他起了个头,自己先吼了出来。声音在寂静的山谷中突兀地炸开。

新兵们全都愣住了,连对面正在逼近的匪徒也明显顿了一下。

“唱啊!”赵雷眼睛充血,再次怒吼,“都他娘的忘了公子怎么教的了吗?!预备——起!”

或许是极致的恐惧需要宣泄,或许是平日千百遍的重复已刻进骨髓,站在最前排的一个黑脸新兵下意识地跟著吼出了第二句。

第三个人接上。

就像第一块骨牌被推倒。五十个嗓子,从凌乱到匯聚,从颤抖到坚定,在赵雷的带领下,对著三十步外虎视眈眈的匪徒,对著黑黢黢令人恐惧的夜色,拼命地、嘶哑地、不管不顾地吼了起来。

一开始只是赵雷和前排几人,但歌声有种奇异的力量。当五十个人的声音拧成一股绳,吼出同样的节奏和歌词时,个人的恐惧被集体的声浪淹没了。王栓子不抖了,他涨红了脸,用尽吃奶的力气嘶喊,仿佛要把肺里的恐惧全部吼出去。

“向著那流寇的刀枪!让一切不公都灭亡!”

歌声在山谷间迴荡,粗糲、狂野、充满了原始的、豁出一切的力量。这不是校场上整齐的合唱,这是绝境中爆发的、带著血腥气的战吼。

对面的匪徒彻底懵了。

他们打劫过商队,袭击过村落,甚至和软弱的官军交过手,但从未见过这样的阵仗——两军对阵,刀还没碰,对面居然整整齐齐唱起歌来了?而且那歌声邪门,越唱人越往前逼,五十个人踏著歌声的节奏,一步步压过来,虽然步伐因为紧张还有些凌乱,但那股同进同退、浑然一体的气势,竟让这些惯匪心里有些发毛。

尤其是那歌词——“向著那流寇的刀枪!”这他妈是直接指著鼻子骂啊!

匪首是个独眼龙,他啐了一口,举刀想喊衝锋,可手下们面面相覷,竟被这突如其来的歌声吼得有些迟疑。就这么一迟疑的工夫,赵雷这边五十人已经吼著歌逼到二十步內,长枪如林,在晦暗月光下闪著寒光。

“妈的,碰上硬点子了……”独眼龙心里打鼓。但就此退去,面子上实在掛不住,他回头厉喝:“疤脸,去把那领头的脑袋摘来,给弟兄们下酒!”

“得令!”一个脸上带疤、手持鬼头大刀的壮汉应声出阵,哇呀呀怪叫著拍马向赵雷衝来。这是独眼龙手下的头號悍匪,以力大残忍著称。
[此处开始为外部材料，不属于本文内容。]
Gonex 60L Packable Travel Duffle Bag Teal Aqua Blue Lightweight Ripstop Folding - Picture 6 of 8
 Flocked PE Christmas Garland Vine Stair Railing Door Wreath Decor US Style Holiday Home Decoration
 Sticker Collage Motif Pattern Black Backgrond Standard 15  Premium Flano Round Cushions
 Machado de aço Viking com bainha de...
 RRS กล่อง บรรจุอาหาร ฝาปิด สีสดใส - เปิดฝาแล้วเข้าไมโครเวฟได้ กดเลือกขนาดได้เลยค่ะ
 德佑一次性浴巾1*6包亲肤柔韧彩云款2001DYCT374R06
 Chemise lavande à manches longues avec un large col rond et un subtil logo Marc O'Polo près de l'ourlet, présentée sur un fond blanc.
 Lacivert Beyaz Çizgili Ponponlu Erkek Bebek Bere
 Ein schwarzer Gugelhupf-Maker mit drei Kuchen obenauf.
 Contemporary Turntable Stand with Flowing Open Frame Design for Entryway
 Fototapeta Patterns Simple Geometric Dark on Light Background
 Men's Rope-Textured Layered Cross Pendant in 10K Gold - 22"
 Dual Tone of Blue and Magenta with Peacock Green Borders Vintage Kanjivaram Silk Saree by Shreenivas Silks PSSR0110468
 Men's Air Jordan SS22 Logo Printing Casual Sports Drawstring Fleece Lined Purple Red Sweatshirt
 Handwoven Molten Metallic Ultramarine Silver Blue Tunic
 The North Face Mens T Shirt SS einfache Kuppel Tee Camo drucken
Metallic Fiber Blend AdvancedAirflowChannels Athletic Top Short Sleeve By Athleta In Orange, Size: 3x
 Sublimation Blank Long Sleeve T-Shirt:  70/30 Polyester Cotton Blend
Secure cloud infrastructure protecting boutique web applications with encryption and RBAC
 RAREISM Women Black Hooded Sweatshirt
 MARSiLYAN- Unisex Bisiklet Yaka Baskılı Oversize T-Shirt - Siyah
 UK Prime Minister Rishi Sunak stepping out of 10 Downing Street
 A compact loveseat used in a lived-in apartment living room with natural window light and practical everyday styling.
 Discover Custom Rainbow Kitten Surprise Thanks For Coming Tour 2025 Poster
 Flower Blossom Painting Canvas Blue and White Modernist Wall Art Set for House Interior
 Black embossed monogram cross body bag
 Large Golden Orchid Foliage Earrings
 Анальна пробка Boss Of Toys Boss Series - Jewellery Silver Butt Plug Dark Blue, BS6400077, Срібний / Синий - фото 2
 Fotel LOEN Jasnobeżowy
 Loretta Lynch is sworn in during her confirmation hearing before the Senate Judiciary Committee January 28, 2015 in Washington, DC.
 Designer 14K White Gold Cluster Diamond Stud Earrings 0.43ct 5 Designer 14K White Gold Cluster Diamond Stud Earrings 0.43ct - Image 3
赵雷瞳孔一缩,知道此刻退无可退。他猛地一夹马腹,挺枪迎上,口中高歌未停,反而借那气势又拔高了一分:“——比铁还硬!比钢还强!”

两马交错!

第一合,疤脸鬼头大刀力劈华山,赵雷横枪架住,“鐺”一声巨响,火星四溅。赵雷臂膀微沉,却借力將刀势卸开。

第二合,赵雷枪出如龙,直刺疤脸心窝。疤脸慌忙回刀格挡,刀枪相碰,震得他手臂发麻,心中骇然。

第三合,赵雷变招极快,枪尖一抖,宛如毒蛇吐信,避开大刀,倏地点向疤脸咽喉。疤脸回防不及,只觉喉头一凉,已被枪尖刺穿!

赵雷暴喝一声,双臂用力,竟將魁梧的疤脸硬生生从马背上挑了起来,甩出丈外,重重砸在地上,抽搐两下便不动了。月光下,枪尖血珠滚落。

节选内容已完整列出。